The digitization of all infrastructures makes it almost impossible today to secure all systems a priori, as it is too complex and too expensive. Supervision seeks to reinforce preventive security mechanisms and to compensate for their inadequacies.

Supervision is fundamental in the general context of enterprise systems and networks, and is just as important for the security of cyber-physical systems. Indeed, with "objects" that should eventually be all, or almost all, connected, the attack surface increases significantly. This makes security even more difficult to implement. The increase in the number of components to be monitored, as well as the growing heterogeneity of the capacities of these objects in terms of communication, storage and calculation, makes security supervision more complex.

In this context, we address challenges related to
  1. the increase in the number and diversity of objects to be supervised (which requires the development and adaptation of new detection mechanisms for heterogeneous environments, with false positive and negative rates that have not been achieved to date),
  2. the complexity of systems interconnected to form large critical infrastructures on a European scale (which requires new detection and supervision models that take into account the criticality and cyber-physical nature of these systems),
  3. the existence of increasingly complex and silent targeted attacks (which requires an observation of the global threat landscape, a capability model of the attackers and a significant improvement of the detection and reaction time), and
  4. the treatment of massive attacks which rapidly affect a significant number of victims (in order to limit the damage suffered by these victims).
Faced with these challenges, it is necessary to significantly improve the efficiency of the detection-reaction chain (response and remediation). The main objective of the project is therefore to provide new solutions and to advance the current scientific state of the art.

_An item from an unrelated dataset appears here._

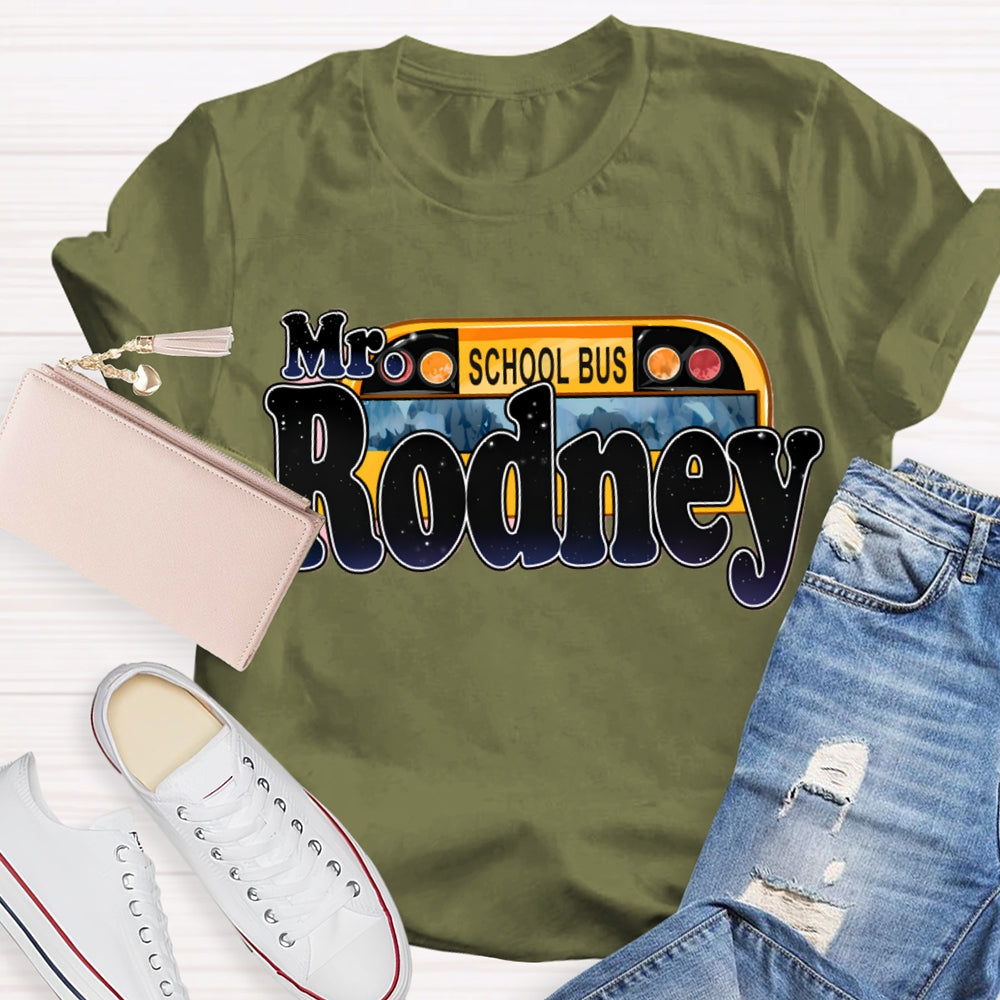 Personalized School Bus Driver Name T-shirt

These contributions will come from almost all the national research forces in the field, which will be strengthened by this project and will see their links tightened, which is also an objective. Moreover, in coherence with the objectives of the PEPR, we also aim to prepare the transfer of our results to the national industrial community. To this end, the scientific work will lead to prototypes and demonstrators that will be deployed on platforms built within the project. These platforms will be accessible to industrial partners.